Blizzard’s March 24 tuning changes feed that perception

Some of the actual class changes make this debate even louder.

Blizzard’s March 24 post includes major PvE adjustments like Frost Death Knight +4% all damage, Beast Mastery Hunter +5% all damage for Hunter and pets, Arms Warrior buffs to Mortal Strike and Execute, and heavy reductions for Guardian Druid and Demonology Warlock. These are meaningful live-season changes, not tiny cosmetic nudges.

The issue for some players is not whether those specs needed movement. It is whether the movement reflects the environments most people are about to spend time in.

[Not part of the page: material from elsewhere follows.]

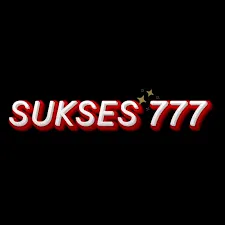 SUKSES777 - Game Aksi Penuh Tantangan dan Keseruan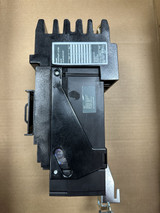 New Square D Jja36250u31xyp 250a 600v 65k 3p Circuit Breaker Ships Same Day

Because raid and Mythic+ do not ask for the same thing. Raid balance often emphasizes boss damage patterns, execute value, burst windows, and encounter-specific survivability. Mythic+ cares much more about trash control, mobility, pull consistency, utility, survivability under chaos, and how damage profiles function across repeated multi-target situations. The RWF thread explicitly raises that split, with players arguing Blizzard is moving the knobs in a way that “so easily impact[s] other end game content.”

Players are also frustrated that “feel” issues remain untouched

This is where the criticism gets sharper.

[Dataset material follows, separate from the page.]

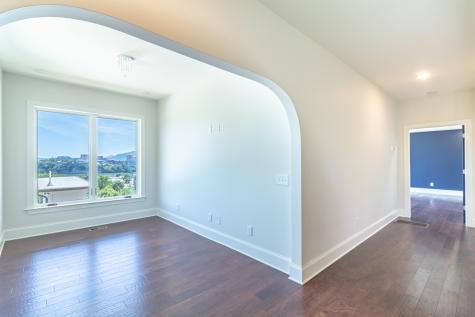 294 Druid Lane Chattanooga TN 37405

A lot of forum pushback around March 24 is not really about raw numbers alone. It is about the sense that Blizzard is still treating classes like math problems when players want gameplay problems fixed. In the official class tuning thread, players complain that bugs, talent design, pet survivability, awkward rotation flow, and spec identity problems are still hanging around while Blizzard keeps doing percentage passes. Rogue players made a similar point in a separate thread, arguing that “we don’t just need damage changes, we need our class abilities and talents fixed/overhauled.”

That frustration fits neatly into the raid-versus-Mythic+ argument.

If Blizzard is using early raid data to decide who gets tuned, then players who mainly care about Mythic+ are always going to worry that the deeper problems in their environment are not being seen yet.

To be fair, Blizzard may not have had much choice

There is also a more charitable read here.

Blizzard cannot tune around Mythic+ data that does not fully exist yet. If the first major reset is the moment Keystone dungeons really open up, then the studio is almost forced to use the strongest live information it has, which in this case was early Season 1 raid performance plus player feedback. That is not favoritism so much as chronology.

Players themselves have acknowledged that reality elsewhere on the forums. In earlier discussion about Blizzard’s tuning timeline, one poster noted that Blizzard had already outlined multiple passes for March 17, March 24, March 31, and April 7, with later tuning expected to use more Mythic data after the season settled in. Another post explicitly said Blizzard would likely be conservative until RWF was over.

So yes, the complaint is understandable. But the scheduling logic is understandable too.

The real issue is what happens next

That is the part that matters most.

If Blizzard follows this March 24 raid-weighted pass with a more Mythic+-aware round once real key data starts pouring in, then the current controversy will probably cool off fast. If it does not, then the “Blizzard tunes for raid, not Mythic+” narrative is only going to get louder. Blizzard’s own tuning roadmap and prior forum chatter strongly suggest more adjustment rounds are coming, so this is probably not the final shape of the Season 1 meta.

And that means the current argument is less about whether March 24 was fair in a vacuum and more about whether Blizzard is willing to correct course once Mythic+ starts producing its own hard evidence.

The bigger takeaway

Right now, WoW players are not really arguing about one buff or one nerf.

They are arguing about whose game mode Blizzard is balancing around first.

The March 24 class tuning pass landed at exactly the moment Mythic+ was opening and RWF pressure was ramping up, which made this reaction almost inevitable. Players see raid data driving live changes, they see Mythic+ just getting started, and they assume the tuning lens is pointed at the wrong room. The forum reaction today makes that tension impossible to miss.

Whether Blizzard proves them wrong will depend on what happens in the next round.